Tuesday, November 15, 2016

Characters: Motivation and Stakes






Character Series
Part 07: Motivation and Stakes



What are stakes?

Stakes are what is at risk, or the consequences of failure. If nothing is at risk and the hero doesn’t stand to lose anything if they fail, why does the reader care? The stronger and more powerful your stakes feel to the reader, the more they will care. However don’t make the mistake of valuing quantity over quality. The lives of everyone on the planet may seem like a big, cool stake to have—its EVERYONE on the planet, right? But a man trying desperately to save the life of his newborn daughter, or a sister trying to protect her little brother from an abusive, alcoholic mother is going to have far more emotional impact on the reader and thus they will be more invested in the story.

What is motivation?

I have noticed, while giving feedback, quite a few of my fellow writers are confusing motivation and stakes. They are often intrinsically connected. Different sides of the same coin. Take for example the heroine saving her lover. Her MOTIVATION for saving him is that she loves him so much she would die so he could live. What is at STAKE is his life, and her future happiness. However don't be lazy and assume one automatically provides the other.

What if the heroine is saving her lover because he is the only one who knows who killed her daughter? What if she is saving him for the pleasure of killing him herself? What if she is saving him because he has the antidote to the poison that is killing her? As the motivations change, so do the stakes. In every case, she is trying to stop a man from dying. However the WHY alters what she will lose if she fails. He won't just die, she'll lose her only lead in finding her daughter's killer, on having revenge, of saving her own life.

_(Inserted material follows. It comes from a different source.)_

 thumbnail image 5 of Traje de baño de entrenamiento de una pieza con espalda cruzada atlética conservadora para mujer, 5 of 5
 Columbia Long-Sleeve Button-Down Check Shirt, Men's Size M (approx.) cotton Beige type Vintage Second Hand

What stakes matter to readers?

The most important thing is that, whatever the stakes and motives are, they should matter to the main character. If your plot is about a girl finding a neglected horse, there is a big difference between a character who sort of thinks horses are cool and who loves horses more than anything and is determined to dedicate her life to horse rehabilitation. The driving motivation has to matter enough to the main character that they can't just hand responsibility to someone else, or give up. The character's passion will be mirrored by the reader, if it is done well.

Generally speaking, motivations and stakes should also be perceived from the side of 'good'. EG: If your main character's goal is to kill someone, they should have a reason readers can relate to. If you tried to write a novel about a guy who wanted to raped and murder the wife of the guy who stole his parking spot at work, the novel probably wouldn't be super popular. It's hard to relate to someone who thinks that way. However if you were writing about a man who was seeking revenge on the guy who raped and murdered his wife because of a stolen parking spot, more people would be invested.

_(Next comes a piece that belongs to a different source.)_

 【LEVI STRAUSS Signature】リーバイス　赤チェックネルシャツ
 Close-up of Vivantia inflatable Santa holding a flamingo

Generally people want to read about characters who are trying to help, protect and redeem, not people who are trying to hurt, corrupt and destroy. There are exceptions to this rule, such as American Psycho by Bret Easton Ellis. Even so, society so abhors this kind of narrative, that in some places it can't be sold, or must be sold shrink wrapped as if it were hardcore pornography.

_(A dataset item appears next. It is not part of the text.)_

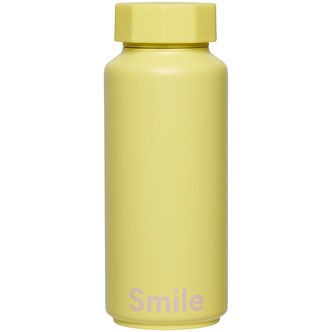 Design Letters Termoflaske - 500 ml - Smile - Gul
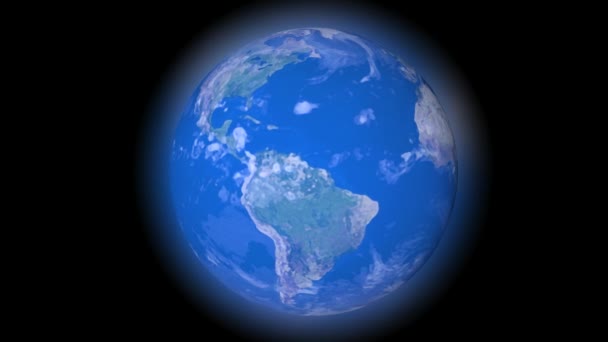 Blauwe planeet aarde in de donkere Melkweg. — Stockvideo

Readers also want to read about characters that resonate with them, whom they can empathise easily with. This is why people generally like to read about people their own age, their own gender and sometimes their own race (though this is more difficult for underrepresented minorities, since there isn't the same volume of works for them to choose from).

So when you are designing character motives and building stakes, you need to take your target audience into consideration. You want to take the problems they can relate to and make them bigger. J.K Rowling does this in her books with surpassing mastery. She takes that very real fear children have of having less than schoolmates and siblings, as well as the fear of being punished unjustly by parents, and amplifies it. It becomes an abused child living under the stairs, getting no gifts while his cousin gets dozens, never having anything new or special. It is easy to empathise with Harry instantly. Even if we had very good childhoods, we all suffered those anxieties and J.K Rowling brings them all to the surface again with breathtaking intensity.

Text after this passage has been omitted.